S-400 to Seoul? How South Korea Indirectly Acquires Cutting Edge Russian Air Defences
S-400 to Seoul? How South Korea Indirectly Acquires Cutting Edge Russian Air Defences by Military Watch for Check Point Asia
Politically precluded from buying Russian outright Seoul instead enlists Russian help in developing nominally domestic anti-aircraft weapons
Check Point Asia’s note: Article argues that South Koreans want Russian anti-aircraft technology because they recognize it is better.
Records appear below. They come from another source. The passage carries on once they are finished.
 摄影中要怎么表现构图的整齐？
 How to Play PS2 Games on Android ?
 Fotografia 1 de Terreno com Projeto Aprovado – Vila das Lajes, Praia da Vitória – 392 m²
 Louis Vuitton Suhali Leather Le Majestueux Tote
Another possibility is that they enlist the help of Russians because Americans are traditionally extremely loathe to engage in technology transfers even to their clients. (The reason Turks soured on the Patriots.)
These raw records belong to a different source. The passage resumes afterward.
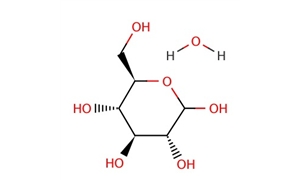 DEXTROSE (MONOHYDRATE) LR (GLUCOSE MONOHYDRATE)
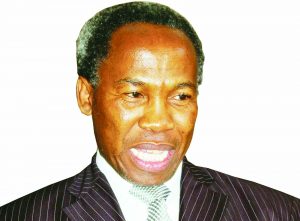 Attorney General (AG) Tšokolo Makhethe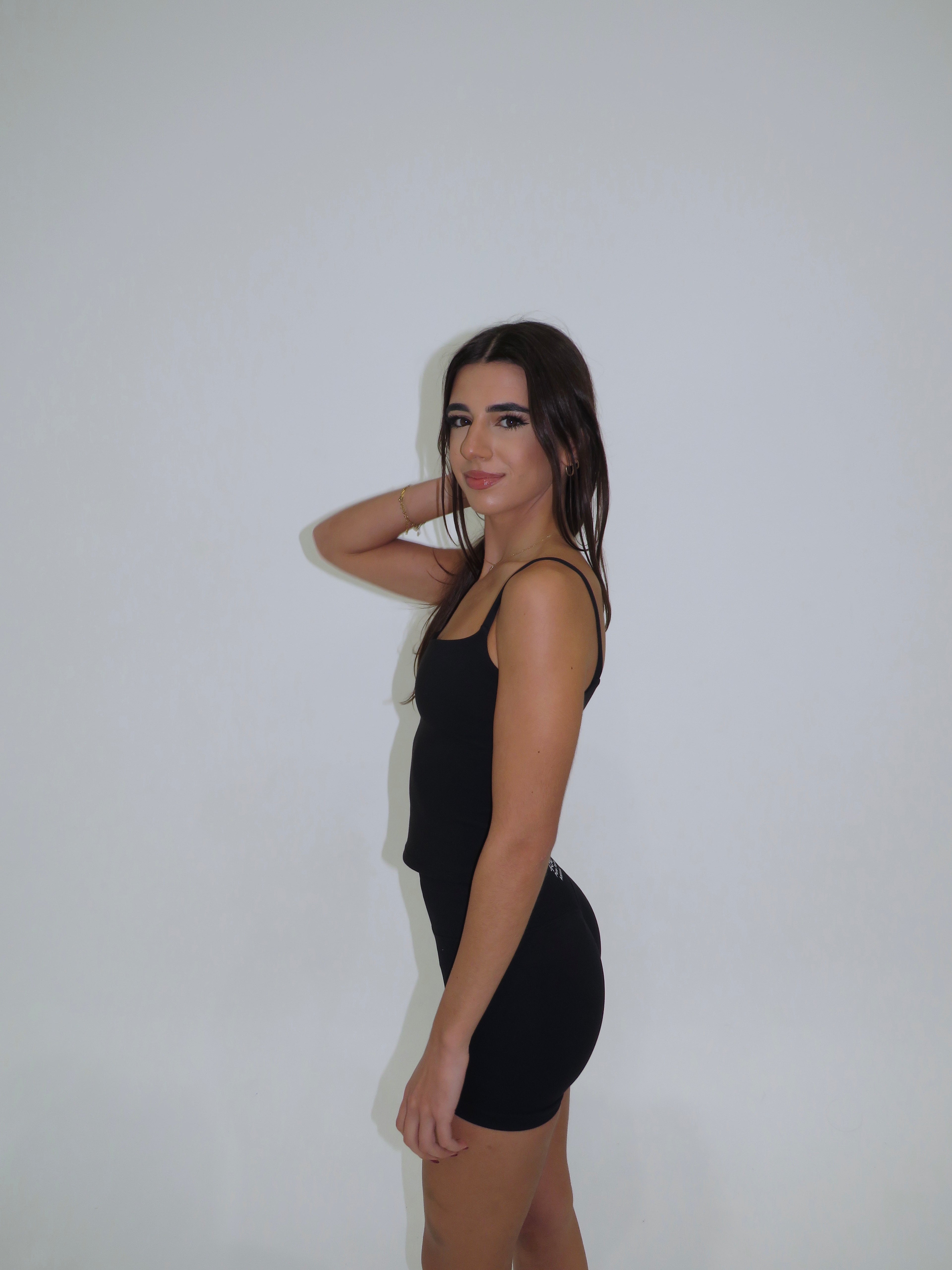Liora Cami - Black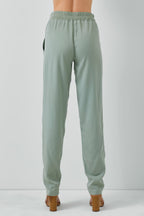 Drewstring Pants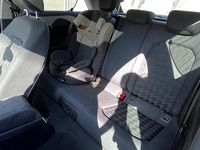 Usata Audi A3 105 CV (77 kW) 2013 Nero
A number of longstanding Western military clients have recently taken steps to acquire Russian made surface to air missile systems to provide an effective air defence capability.
This has come as a result of the severe shortcomings of Western made air defence systems such as the Patriot missile battery, as demonstrated by its repeated combat failures when deployed in the Middle East by Israel, Saudi Arabia and the United States.
The latest of these has been South Korea, which has long shown a strong and longstanding interest in Russian made aircraft and air defence systems but has been unable to acquire them due to pressure from Washington.
Following the end of the Cold War state of the art Soviet arms, from the Su-27 air superiority fighters to the T-90 battle tanks and even the hulks of Soviet aircraft carriers, became widely available for export to almost any state regardless of its geopolitical affiliation.
South Korea showed interest in acquiring the S-300 air defence battery from Russia in the 1990s, which would not only provide it with a more capable long range anti aircraft system than any fielded by North Korea but would also provide an unparalleled security guarantee against missile attacks from the north.
As a result members of the U.S. Congress in 1997 voiced deep concerns over the possible sale of the S-300 systems to South Korea, purporting that Seoul should as a U.S. ally instead purchase the American made Patriot system. They noted in particular that the acquisition of the Patriot would ensure interoperability with assets assigned to U.S. Forces deployed to Korea.